Students at Arts University Plymouth have been learning how to use artificial intelligence for their assignments.

The generative AI software works by being fed "training artwork" created by humans, which it then replicates and fuses to create new images.

Classes also address the ethical issues around the use of the technology.

A Department for Education spokesperson said: "Artificial intelligence has the power to transform education."

'We love it'

AI-generated content can include work 'stolen' from artists without their knowledge, something the university has addressed in their teaching.

Lecturer Alana Morgan said: "When we are talking about work being used without consent, that's a massive issue for all kinds of artists including students, but broadly, I think that it's been quite positive, our experiments with AI, definitely on this course. We love it."

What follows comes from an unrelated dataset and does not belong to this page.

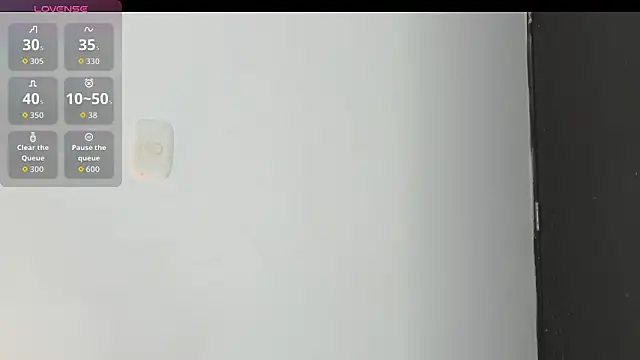 charlottekiss99 élő chatszobája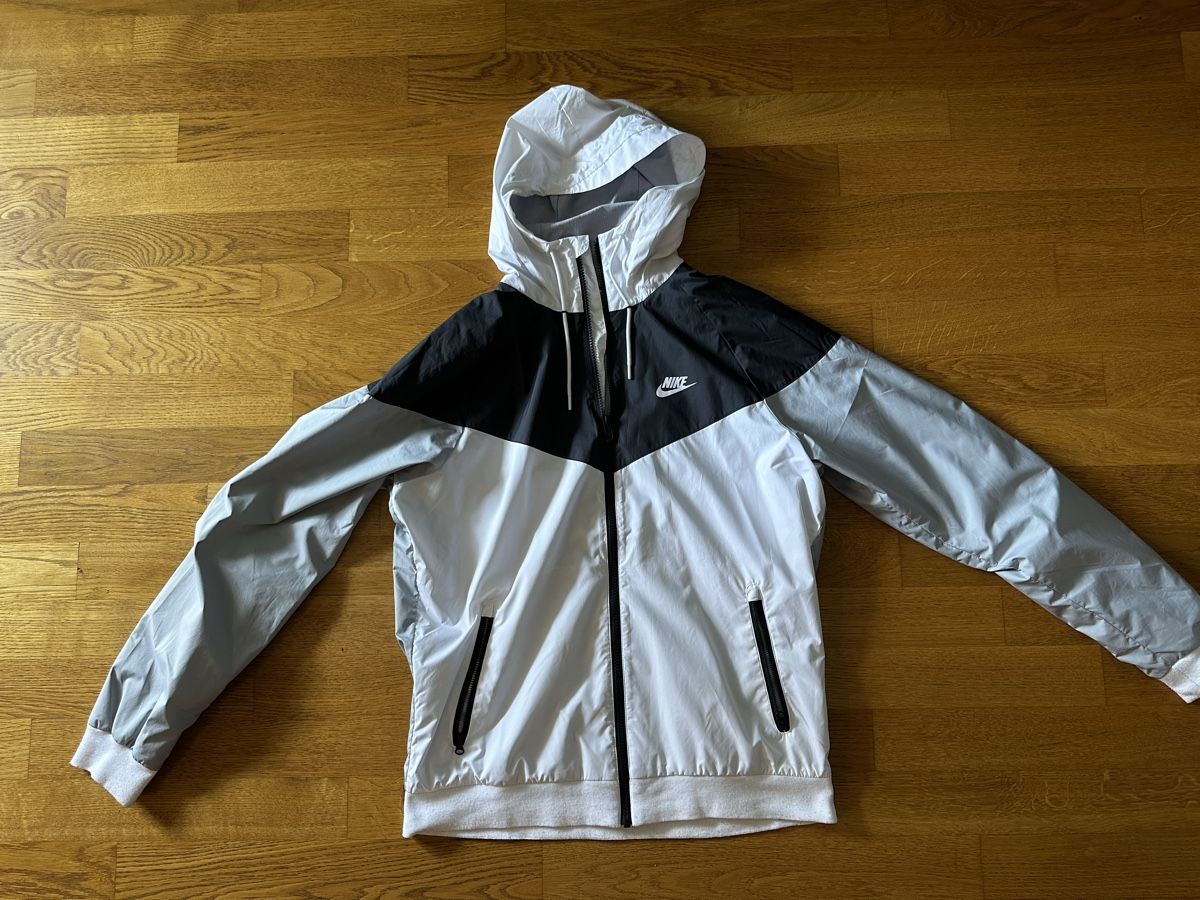 Nike Jacken: Nike Sommerjacke Grösse M  – Gebraucht aus Sursee von DaWi99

Associate Professor Stephanie Owens said: "Meaningful innovation is ultimately linked to human endeavour.

"So, by teaching high levels of digital literacy, including the history and development of generative AI, we equip our graduates with the capacity to think ethically and critically regardless of the technologies that will be adopted by the workplaces of the future."

Fashion, media, and gaming students are among those to have been experimenting with the technology by creating concept art, magazines and videos.

'New development'

Arts University Plymouth said it was important for their future graduates to use all the industry's tools at their disposal, and not to be worried they will be replaced by the technology.

Fashion student Chloe Quinn said: "Within the last hundred years, with every new development, we have this same scare and we don't know how it's going to integrate into our society.

"Even when I was at secondary school we were told that the jobs the majority of us would have hadn't even been invented yet.

"It's exciting to see what new jobs will be created and what all of our lives will look like in years to come."